TRY IT » Extract, exactly as written, all lines of the material below from the line that includes "3 bedroom terraced house to rent - Photo 3" through its last line.
Top of RECORD EXTRACTS
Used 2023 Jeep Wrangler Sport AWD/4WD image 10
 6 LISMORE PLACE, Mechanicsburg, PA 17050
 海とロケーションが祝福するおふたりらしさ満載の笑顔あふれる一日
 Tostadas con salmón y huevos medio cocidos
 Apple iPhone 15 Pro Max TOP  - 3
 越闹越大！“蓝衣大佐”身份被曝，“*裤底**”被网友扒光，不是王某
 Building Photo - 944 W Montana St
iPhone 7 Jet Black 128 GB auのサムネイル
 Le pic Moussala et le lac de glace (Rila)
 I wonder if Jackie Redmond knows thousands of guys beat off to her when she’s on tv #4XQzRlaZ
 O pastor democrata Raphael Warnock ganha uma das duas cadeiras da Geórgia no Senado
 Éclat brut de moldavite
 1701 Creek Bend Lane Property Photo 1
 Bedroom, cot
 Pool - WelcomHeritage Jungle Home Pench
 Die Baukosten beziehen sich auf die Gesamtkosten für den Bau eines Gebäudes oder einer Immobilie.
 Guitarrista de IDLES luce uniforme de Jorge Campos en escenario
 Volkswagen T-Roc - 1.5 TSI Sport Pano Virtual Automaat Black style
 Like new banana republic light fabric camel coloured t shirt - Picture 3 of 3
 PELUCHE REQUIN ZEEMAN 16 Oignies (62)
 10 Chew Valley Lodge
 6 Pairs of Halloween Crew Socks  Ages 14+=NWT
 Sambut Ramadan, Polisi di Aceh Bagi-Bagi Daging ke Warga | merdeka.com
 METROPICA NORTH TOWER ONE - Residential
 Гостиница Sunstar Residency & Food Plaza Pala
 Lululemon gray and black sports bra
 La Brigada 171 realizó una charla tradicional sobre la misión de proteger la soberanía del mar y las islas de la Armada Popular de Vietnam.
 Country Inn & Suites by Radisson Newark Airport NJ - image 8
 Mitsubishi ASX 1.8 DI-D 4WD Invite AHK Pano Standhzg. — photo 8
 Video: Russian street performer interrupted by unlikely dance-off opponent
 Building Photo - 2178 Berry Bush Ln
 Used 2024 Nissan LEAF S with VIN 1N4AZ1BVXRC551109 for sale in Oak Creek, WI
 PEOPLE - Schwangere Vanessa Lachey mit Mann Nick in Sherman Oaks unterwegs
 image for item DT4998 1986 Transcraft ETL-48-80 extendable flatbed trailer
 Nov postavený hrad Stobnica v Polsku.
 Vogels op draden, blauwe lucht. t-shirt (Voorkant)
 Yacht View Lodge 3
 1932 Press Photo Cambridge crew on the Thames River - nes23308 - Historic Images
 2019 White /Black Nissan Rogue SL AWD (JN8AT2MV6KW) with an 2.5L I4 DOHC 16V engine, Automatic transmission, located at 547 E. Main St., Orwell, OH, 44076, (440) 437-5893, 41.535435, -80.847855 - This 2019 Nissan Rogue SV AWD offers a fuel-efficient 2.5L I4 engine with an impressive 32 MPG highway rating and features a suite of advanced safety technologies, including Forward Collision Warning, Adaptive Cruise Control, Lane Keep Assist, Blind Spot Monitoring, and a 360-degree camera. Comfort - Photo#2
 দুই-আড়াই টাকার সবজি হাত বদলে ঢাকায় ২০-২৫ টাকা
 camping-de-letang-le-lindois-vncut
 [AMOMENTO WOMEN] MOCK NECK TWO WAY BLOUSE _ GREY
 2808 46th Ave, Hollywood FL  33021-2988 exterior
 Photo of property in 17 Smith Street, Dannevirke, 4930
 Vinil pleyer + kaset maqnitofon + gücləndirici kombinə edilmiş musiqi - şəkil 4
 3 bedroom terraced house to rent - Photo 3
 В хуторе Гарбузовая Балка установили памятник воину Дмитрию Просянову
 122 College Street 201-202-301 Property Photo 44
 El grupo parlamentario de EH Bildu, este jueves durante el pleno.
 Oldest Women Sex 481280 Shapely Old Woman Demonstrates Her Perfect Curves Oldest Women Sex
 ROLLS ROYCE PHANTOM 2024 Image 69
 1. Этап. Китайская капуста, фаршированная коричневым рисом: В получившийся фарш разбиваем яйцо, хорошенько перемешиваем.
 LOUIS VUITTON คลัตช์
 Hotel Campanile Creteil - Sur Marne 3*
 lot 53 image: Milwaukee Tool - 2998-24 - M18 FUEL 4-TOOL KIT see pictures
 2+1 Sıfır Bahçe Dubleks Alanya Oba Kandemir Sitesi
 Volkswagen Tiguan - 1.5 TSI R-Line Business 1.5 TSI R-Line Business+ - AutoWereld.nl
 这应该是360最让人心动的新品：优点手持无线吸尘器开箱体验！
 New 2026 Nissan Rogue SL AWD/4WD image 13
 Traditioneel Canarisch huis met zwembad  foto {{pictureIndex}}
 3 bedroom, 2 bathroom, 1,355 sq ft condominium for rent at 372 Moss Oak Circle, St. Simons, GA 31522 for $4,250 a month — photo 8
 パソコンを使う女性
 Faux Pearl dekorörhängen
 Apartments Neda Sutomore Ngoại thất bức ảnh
Bottom of RECORD EXTRACTS
RESULT OF THIS TASK »
 3 bedroom terraced house to rent - Photo 3
 В хуторе Гарбузовая Балка установили памятник воину Дмитрию Просянову
 122 College Street 201-202-301 Property Photo 44
 El grupo parlamentario de EH Bildu, este jueves durante el pleno.
 Oldest Women Sex 481280 Shapely Old Woman Demonstrates Her Perfect Curves Oldest Women Sex
 ROLLS ROYCE PHANTOM 2024 Image 69
 1. Этап. Китайская капуста, фаршированная коричневым рисом: В получившийся фарш разбиваем яйцо, хорошенько перемешиваем.
 LOUIS VUITTON คลัตช์
 Hotel Campanile Creteil - Sur Marne 3*
 lot 53 image: Milwaukee Tool - 2998-24 - M18 FUEL 4-TOOL KIT see pictures
 2+1 Sıfır Bahçe Dubleks Alanya Oba Kandemir Sitesi
 Volkswagen Tiguan - 1.5 TSI R-Line Business 1.5 TSI R-Line Business+ - AutoWereld.nl
 这应该是360最让人心动的新品：优点手持无线吸尘器开箱体验！
 New 2026 Nissan Rogue SL AWD/4WD image 13
 Traditioneel Canarisch huis met zwembad  foto {{pictureIndex}}
 3 bedroom, 2 bathroom, 1,355 sq ft condominium for rent at 372 Moss Oak Circle, St. Simons, GA 31522 for $4,250 a month — photo 8
 パソコンを使う女性
 Faux Pearl dekorörhängen
 Apartments Neda Sutomore Ngoại thất bức ảnh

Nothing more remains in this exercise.